`suffstats` integer overflow
scoopxyz opened this issue · comments
Hello,
When attempting to do some distribution fitting on integer data, I ran into overflow when using suffstats
and fit
, my use case made me notice it for a Normal
distribution but its likely to show up elsewhere.
This can be easily reproduced via:
using Distributions
samples = UInt16.(round.(randn(1_000_000) .* 100 .+ 1000));
ss = suffstats(Normal, samples)
fit_mle(Normal, ss)
yielding...
Normal{Float64}(μ=0.031291, σ=1004.9262791...)
This is due to the type stability/enforcement used in the summation here:
Distributions.jl/src/univariate/continuous/normal.jl
Lines 134 to 137 in c1705a3
The method accepts all subtypes of Real
so Integer
s fall into the "expected" use-case, but it would clearly be fragile with smaller integer types.
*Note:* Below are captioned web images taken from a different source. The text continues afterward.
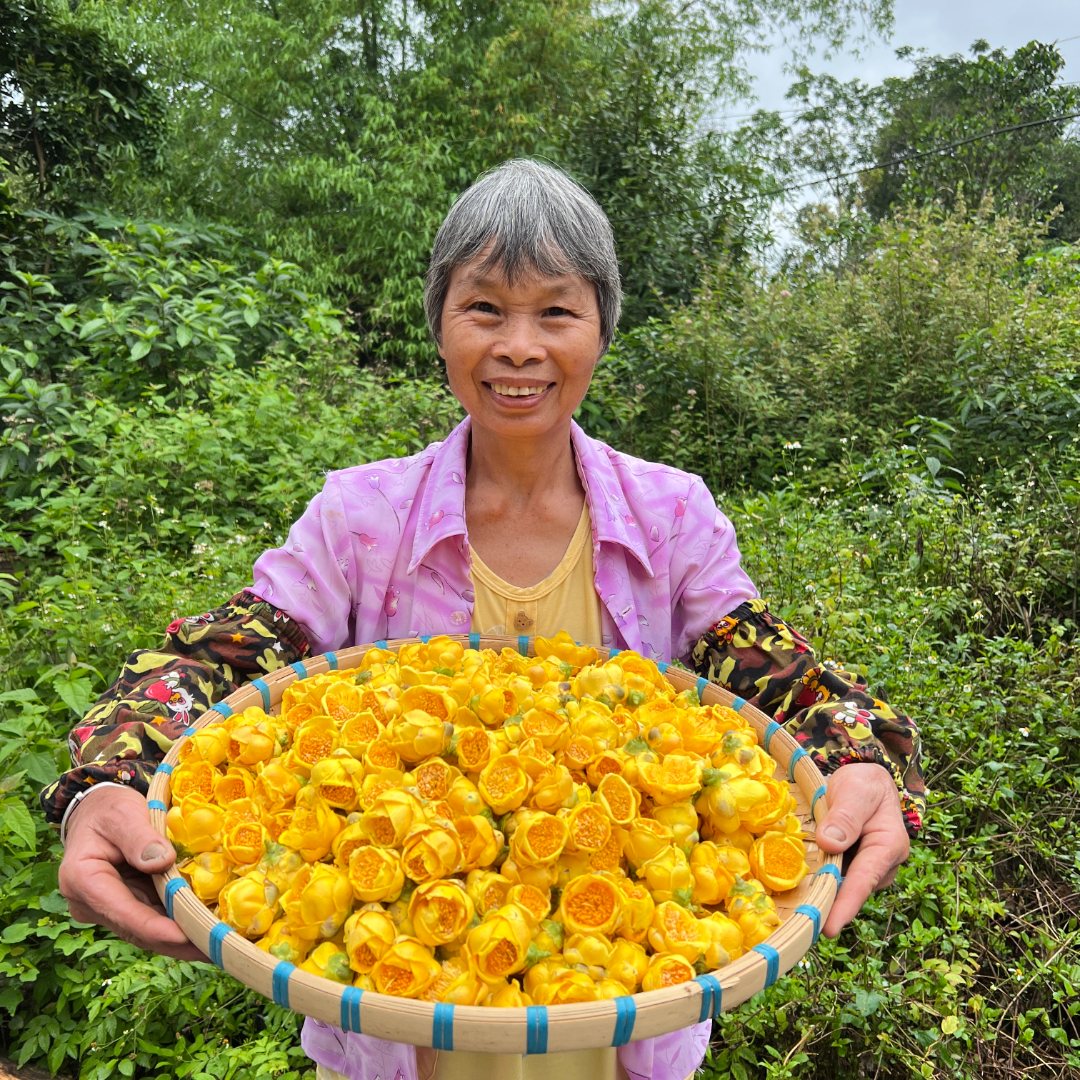 广西十万大山金花茶防城港金花茶冻干花茶正宗金花茶推荐50克包邮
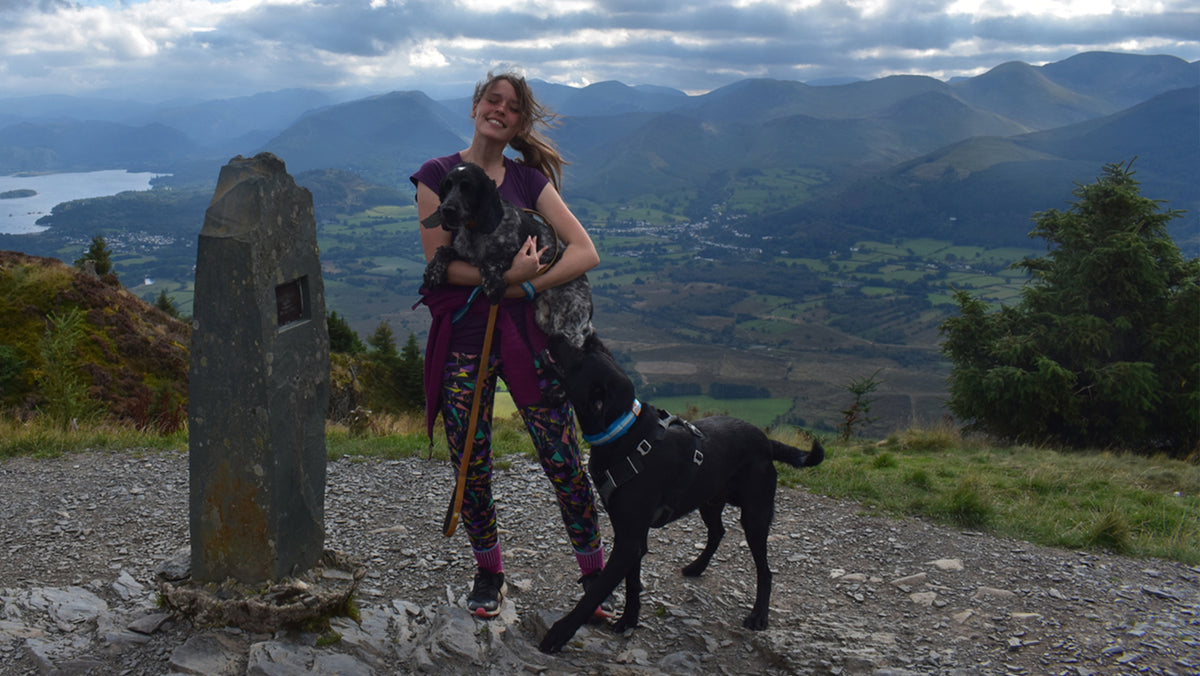 10 favourite dog walks with @paws.explore.north - Ruff and Tumble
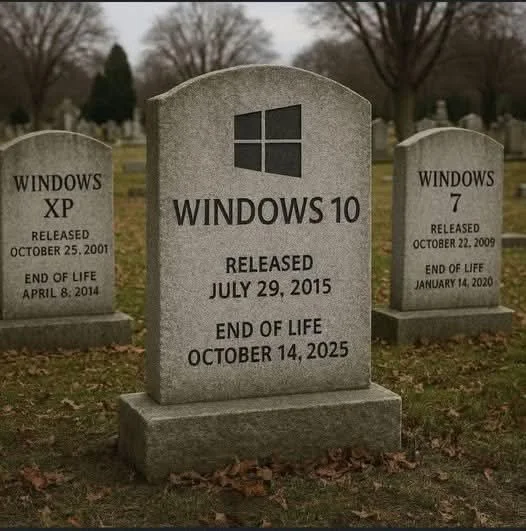 Windows.webp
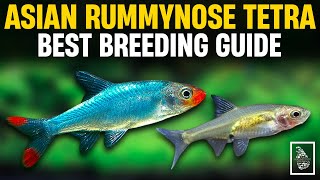 HOW TO BREED ASIAN RUMMY NOSE TETRAS  Asian Rummy nose Rasbora Breeding Guide  Serendib Aquatics [upl. by Peirce]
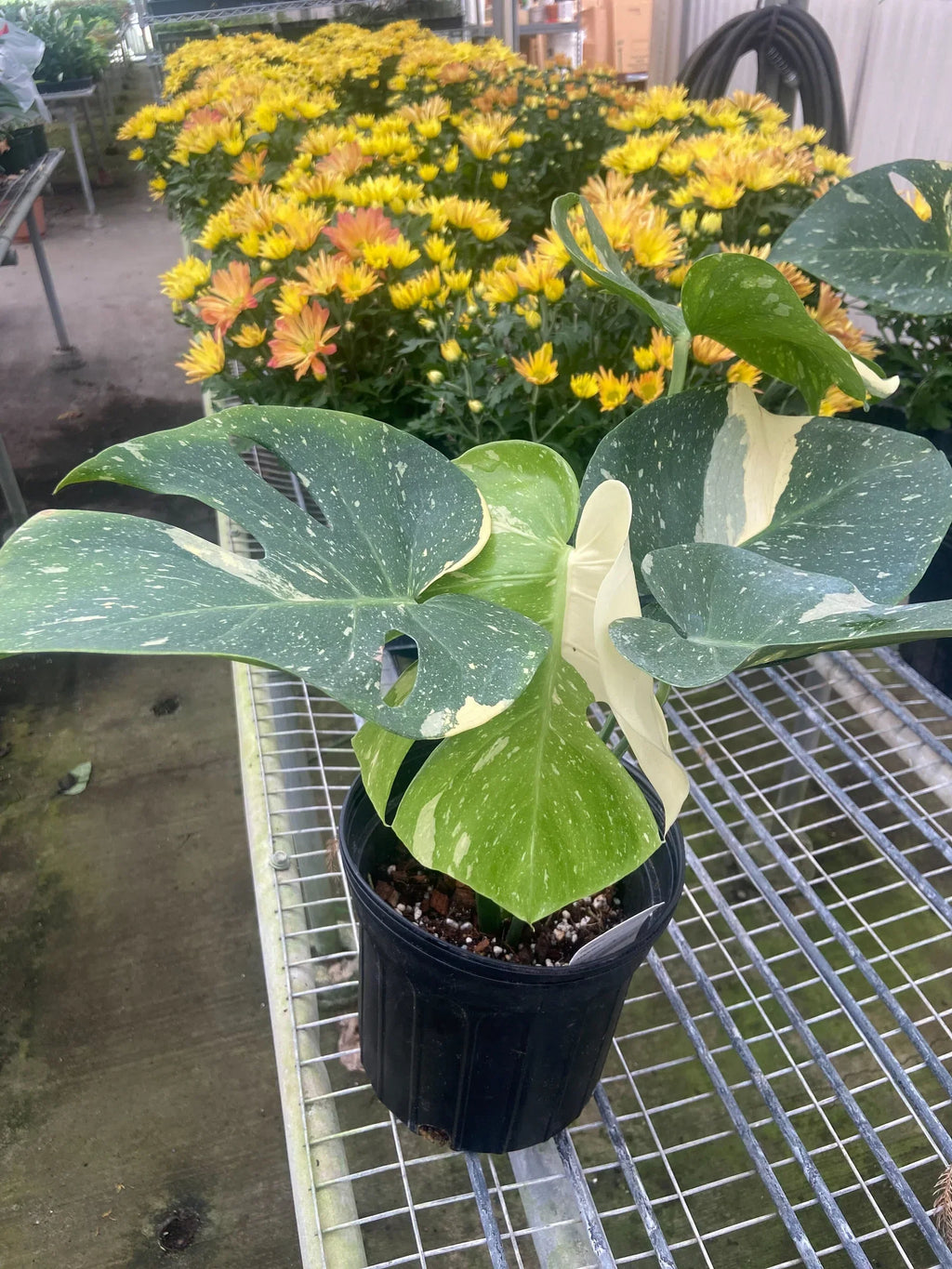 The THAI CONSTELLATION Monstera Easy Care Fast-Growing Plant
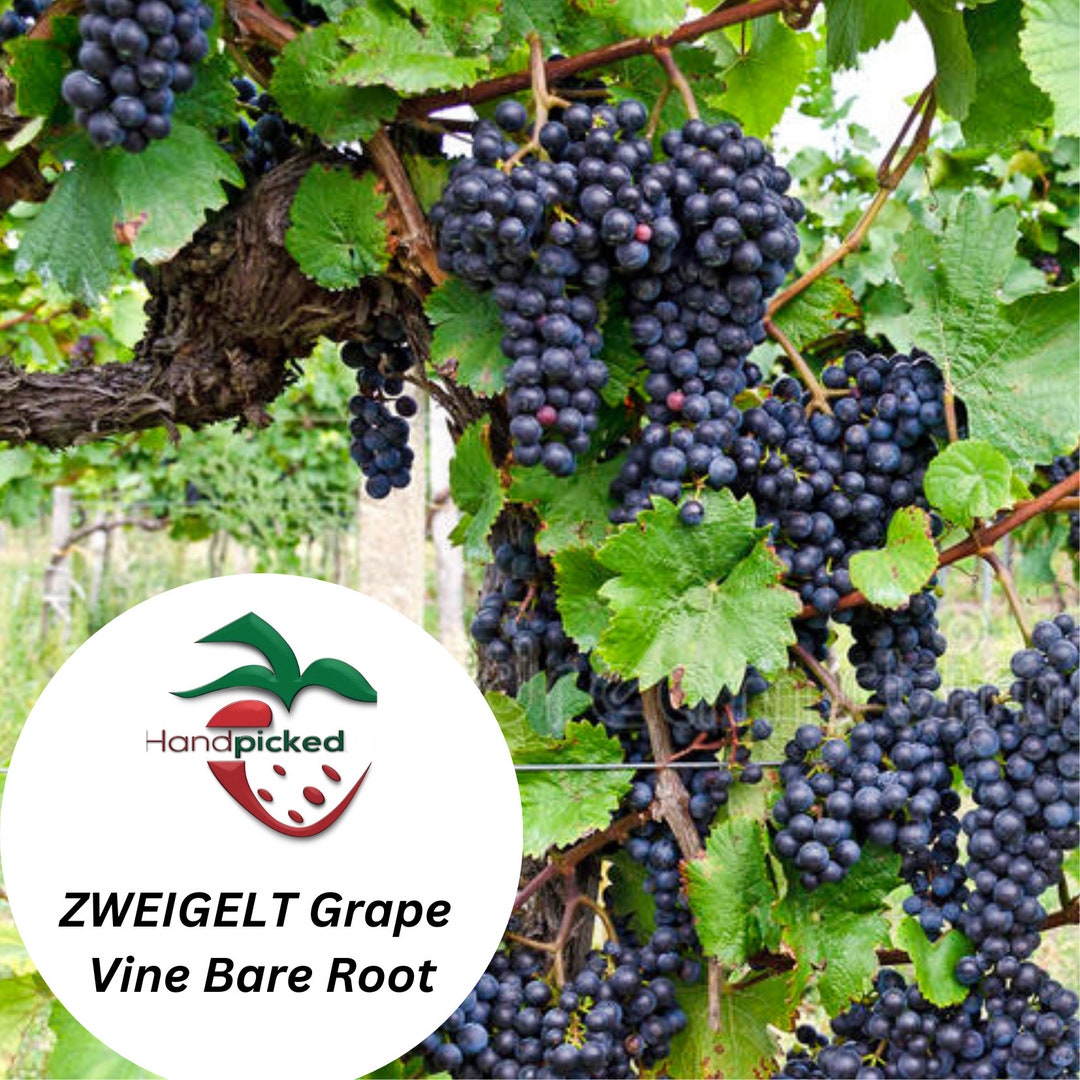 ZWEIGELT Grape Vine 1 Bare Root Live Plant Etsy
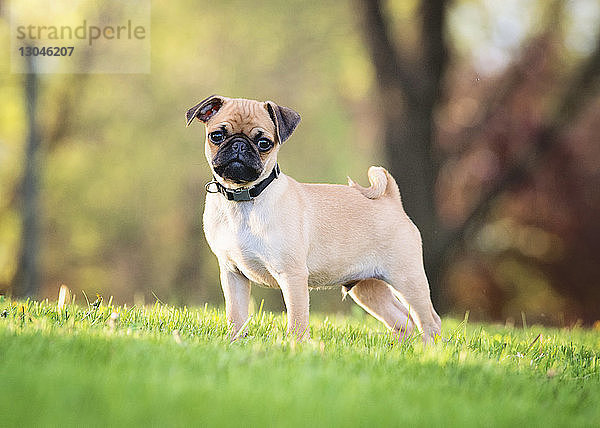 Porträt eines Mops auf einem Grasfeld im Park stehend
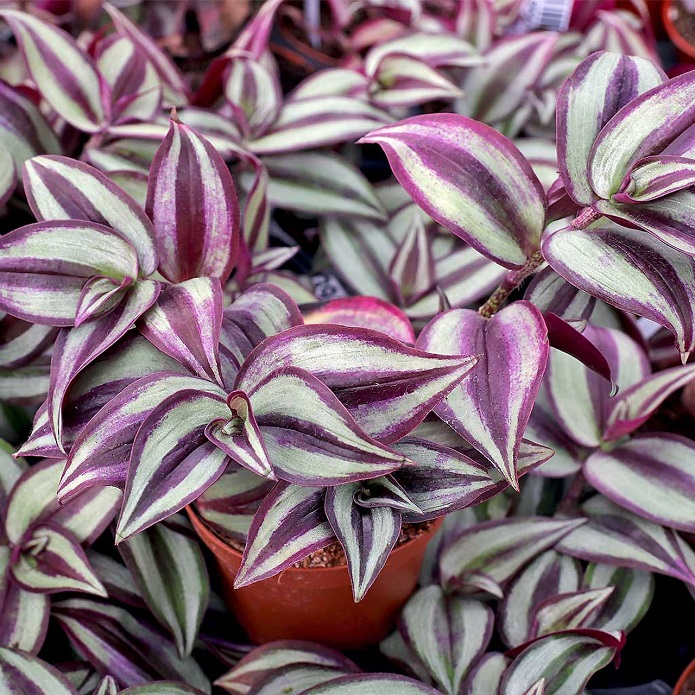 معرفی گیاهانی که به نور زیاد نیاز دارند معرفی گیاهانی که به نور زیاد نیاز دارند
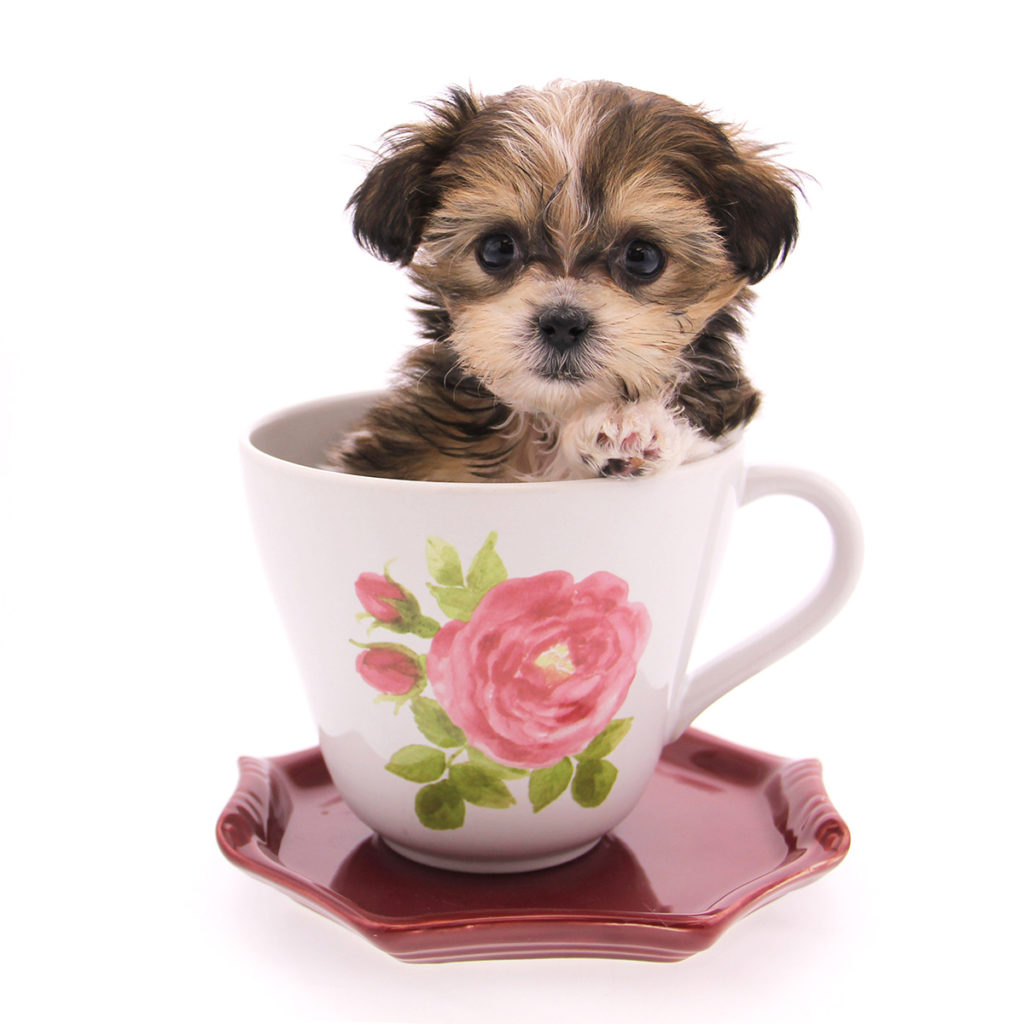 Abby-teacup2-1024x1024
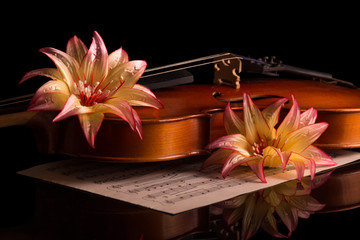 Violin and bright flowers isolated on black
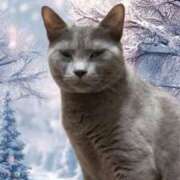 ヒメ日記 2025/12/14 13:28 投稿 藤森粧子(ふじもりしょうこ) 五十路マダムエクスプレス厚木店(カサブランカグループ)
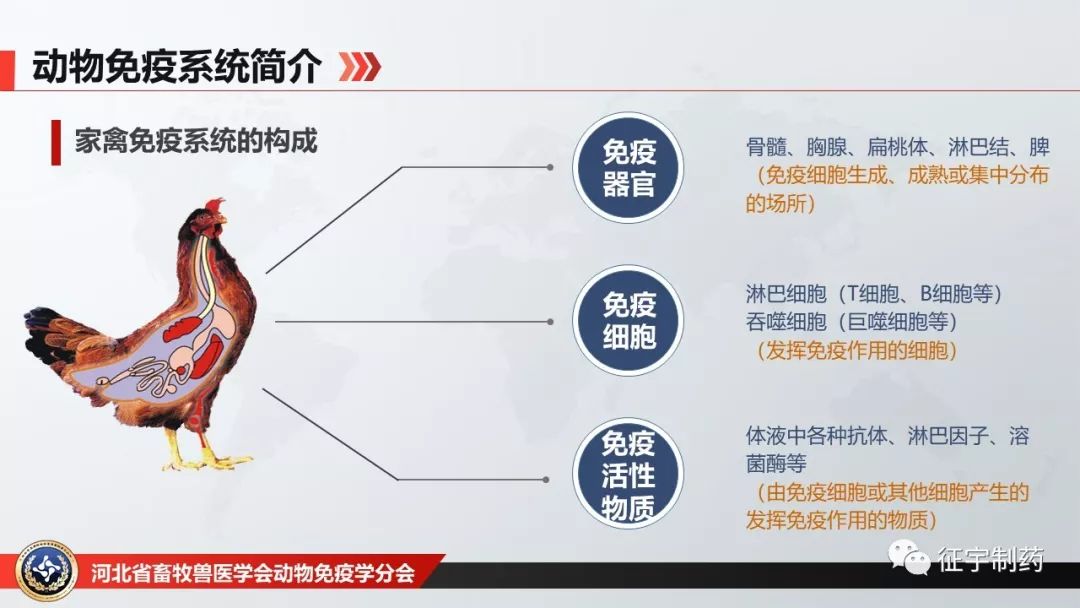 全心全意提高动物免疫力发展论坛最强笔记当前家禽免疫抑制病现状致病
I can imagine a few scenarios to deal with this:
- Leave as-is and document the potential issue, maybe suggest against Integer types
- Specialize on
Integer
eltype and accumlate into an Int64 variable, possibly error on overflow - utilize
sum
from Base rather than a manual loop
All values are cast to Float64 in the returned struct, so I'm not seeing the necessity for enforcing type stability in this case.
It's very old code. I think we should just use sum
here and when compute the second central moment below. It would be great if you could prepare a PR with your example as a test.